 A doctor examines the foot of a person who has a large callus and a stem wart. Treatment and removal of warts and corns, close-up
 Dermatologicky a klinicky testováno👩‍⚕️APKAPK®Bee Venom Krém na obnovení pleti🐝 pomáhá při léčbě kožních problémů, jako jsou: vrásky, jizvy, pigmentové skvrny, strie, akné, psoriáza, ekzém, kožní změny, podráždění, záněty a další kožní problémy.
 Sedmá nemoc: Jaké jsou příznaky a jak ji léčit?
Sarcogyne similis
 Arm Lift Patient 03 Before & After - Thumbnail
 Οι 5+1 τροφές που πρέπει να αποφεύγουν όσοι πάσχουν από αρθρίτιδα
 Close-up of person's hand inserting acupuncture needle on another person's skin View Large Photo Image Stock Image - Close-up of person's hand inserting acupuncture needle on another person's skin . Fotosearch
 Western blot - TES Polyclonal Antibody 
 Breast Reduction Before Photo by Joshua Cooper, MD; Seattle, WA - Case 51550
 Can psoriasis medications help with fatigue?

────────────────────────────────────────

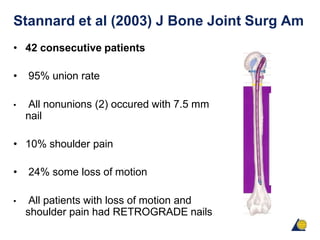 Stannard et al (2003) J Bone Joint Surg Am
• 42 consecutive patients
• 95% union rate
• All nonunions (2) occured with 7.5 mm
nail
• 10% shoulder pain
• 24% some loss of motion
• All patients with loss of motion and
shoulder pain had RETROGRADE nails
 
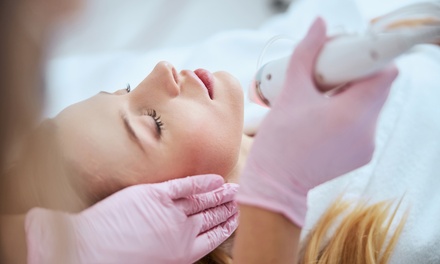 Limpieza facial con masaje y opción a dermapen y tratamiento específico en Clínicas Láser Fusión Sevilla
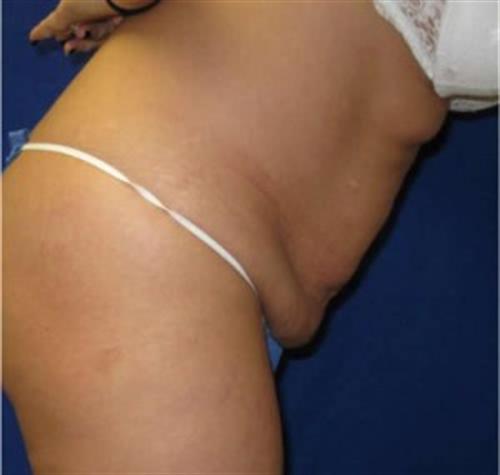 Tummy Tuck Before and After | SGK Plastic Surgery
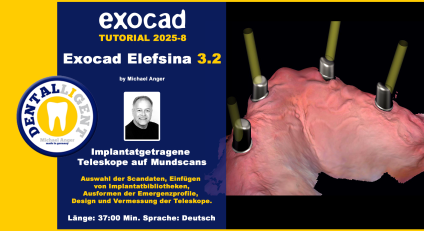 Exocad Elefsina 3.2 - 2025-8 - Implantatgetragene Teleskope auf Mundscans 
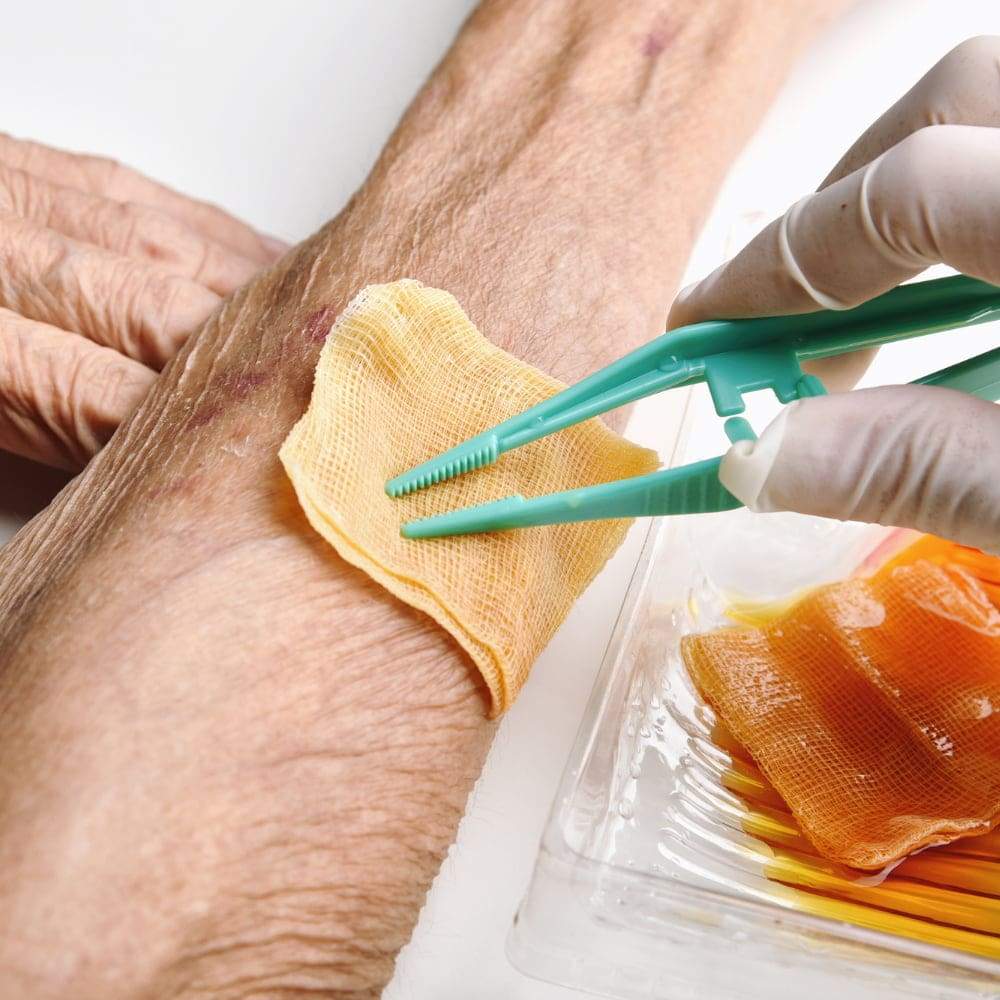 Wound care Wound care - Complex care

────────────────────────────────────────

### Assignment
What belongs in the answer is each line above from the line with "Tummy Tuck Before" to the line with "Wound care Wound care - Complex care", inclusive, reproduced exactly and free of pictures.

### Solution
 Tummy Tuck Before and After | SGK Plastic Surgery
 Exocad Elefsina 3.2 - 2025-8 - Implantatgetragene Teleskope auf Mundscans 
 Wound care Wound care - Complex care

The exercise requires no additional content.